This figure does not include effects of increased EIB lending, via commercial banks to provide much needed working capital to credit constrained small and medium enterprises, which will stabilise or increase employment and output significantly further. Last but not least, growing confidence will result in increased private investments which are not included here, too. The impact on jobs will clearly be well above 1.2m.

It is urgent to act now and lay the foundations for renewed European growth and job creation. Our proposals offer a concrete, feasible and cost-effective way of doing exactly that. It is encouraging that EU leaders in their June summit to took such similar measures to the ones just proposed. It is key that they be implemented on a sufficient scale and with the necessary speed that the difficult situation requires.




More than 24 million people are unemployed  in Europe today, over 17 million in the Eurozone and nearly 3 million in the United Kingdom, figures which at the beginning of 2012 still seem to be on the rise. The percentages of the workforce unemployed in February 2012 was as a high as 23% in Spain, 19% in Greece, with an average of 10.8% in the Eurozone and just over 10% among the 27 countries of Europe as a whole. Unemployment was lowest in Austria and the Netherlands, both under 5%.

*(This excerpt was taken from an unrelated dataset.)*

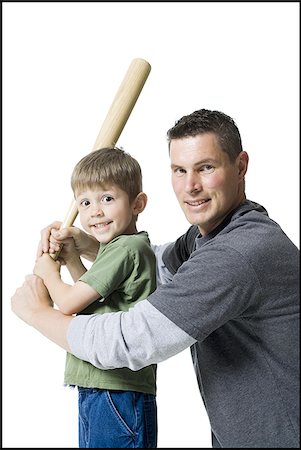 Portrait of a father teaching his son how to swing a baseball bat Stock Photo - Premium Royalty-Free, Code: 640-02765952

Unemployment  in  Europe  is 50% above what it was at the beginning of 2008, when it was 16 million, rising sharply after this as the economic crisis deepened. Perhaps the most serious figure today is the youth unemployment rate – about 22% of people under 25, over one in five, even not counting those in full time education.1

Worldwide, the need for job creation is also great, though the rates of unemployment are often lower. The latest ILO report2   suggests that global unemployment has exceeded 200 million and is still rising, with 50 million jobs wiped out since  the start of the crisis in 2008. Unemployment amounts to 6% of the total global workforce, with many more on low incomes working in the informal sector or in rural areas. The number of unemployed young people, aged 15-24 years, has reached 75 million, 4 million more than in 2007.


From 1950-73, average unemployment was well under 3% in the UK and across Europe. But as employment policies received less priority, unemployment rose. National and international policy shifted ever further towards free market policies – and unemployment in Europe rose to an average of 6% from 1974-83.3 Over the 1980s, globalization and the shifts to financial dominance in the process of globalization led to further increases in unemployment to an average of 9.2% over 1984-93.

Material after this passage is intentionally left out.